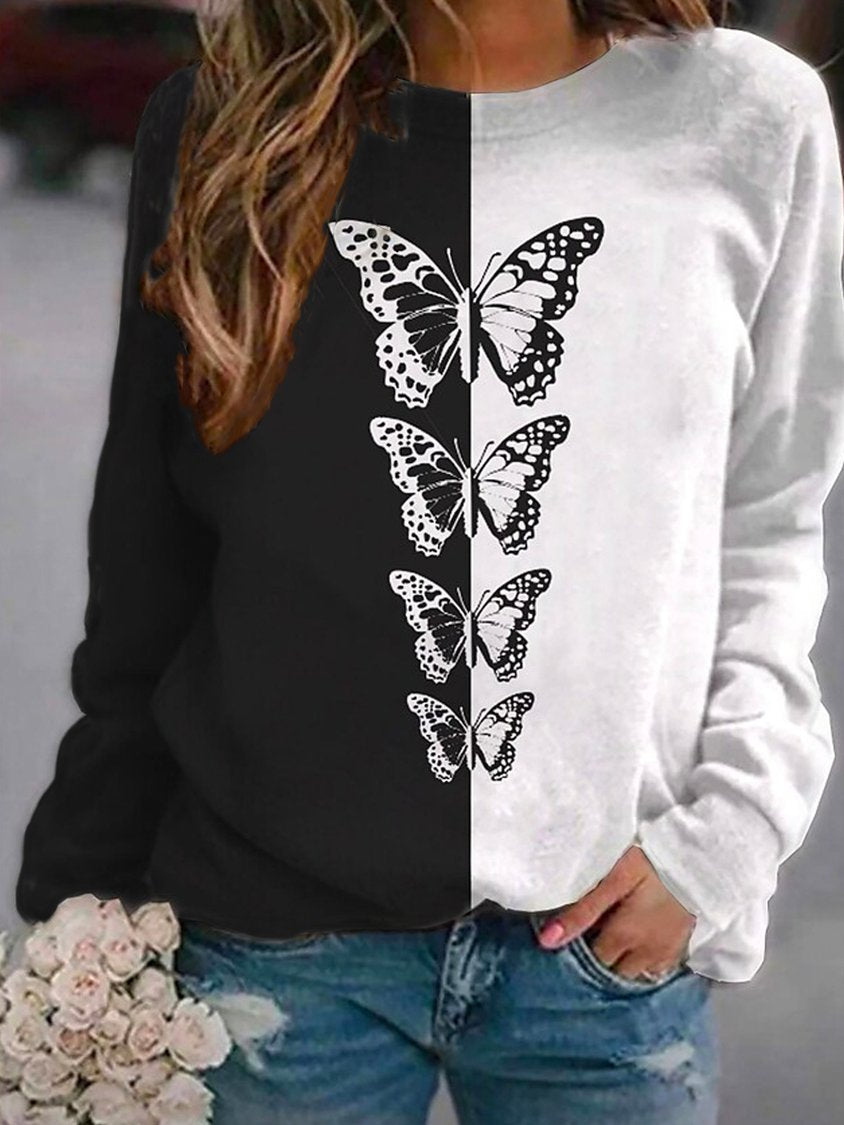 Casual Cotton-Blend Crew Neck Butterfly Sweatshirts QAL52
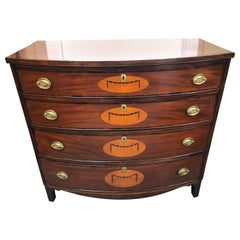 American Federal Bow Front Chest with Adams Inlays and Ovals on Drawers
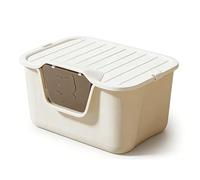 High Sides Cat Litter Box with Scoop, Space Saving & Anti Leakage Litter Pan for Large Cats, Enclosed Tray for Mess Free Cleaning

■ ASSIGNMENT
Copy out all the data exactly. No images belong in the copy.

■ TASK RESULT
 Casual Cotton-Blend Crew Neck Butterfly Sweatshirts QAL52
 American Federal Bow Front Chest with Adams Inlays and Ovals on Drawers
 High Sides Cat Litter Box with Scoop, Space Saving & Anti Leakage Litter Pan for Large Cats, Enclosed Tray for Mess Free Cleaning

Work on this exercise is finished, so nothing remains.